Preindlsberger first studied in Munich under Lindenschmidt and having been awarded a scholarship for her first picture, 'Muttergluck', she worked in France under Pascal Adolphe Jean Dagnan-Bouveret (1852-1929), Colin and Gustave Courtois (1853-1923). She painted in the countryside and Paris, and, as with many other young painters, fell under the spell of the rustic naturalist Jules Bastien-Lepage. Her style continued to show his influence even when her subject matter changed from rustic to medieval romantic and biblical. While in France she met the Finnish painter Helene Schjerfbeck, in whose company she visited Pont-Aven in 1883.

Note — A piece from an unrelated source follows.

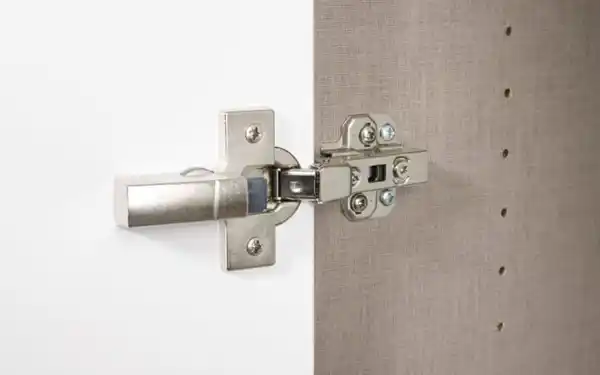 Bild 3 von Rauch - Drehtürenschrank Montclar, weiß, 300 x 223 cm, inkl. Krawattenhalter und Schubkasteneinsatz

Her first salon painting, 'Reflection', which had been painted in Brittany, was exhibited in 1885 at the Royal Academy. Her work was also shown at the Grosvenor Gallery, New Gallery, and the Society of British Artists and in 1885, a year after her marriage, she took to using the name 'Mrs. Adrian Stokes'. She held a joint exhibition with her husband at the Fine Art Society in 1900. The Stokes' lived in St Ives where Marianne was a member of the Newlyn School. Having no children, they regularly travelled abroad, frequently to the Tyrol, and in 1905 to Slovakia and the High Tatra. Here they spent about half a year sketching and painting in the villages of Važec, Mengusovce and Ždiar. Adrian Stokes concentrated on landscapes with images of hay-harvesting and picturesque cottages, while Marianne Stokes painted portraits showing fine detail of the garments. These paintings provide a valuable record of the Slovak culture.
After abandoning oils, and inspired by the Pre-Raphaelite movement, she painted flat compositions in tempera and gesso, her paintings giving the impression of being frescoes on plaster surfaces. She was an Associate of the Royal Society of Painters in Water Colours.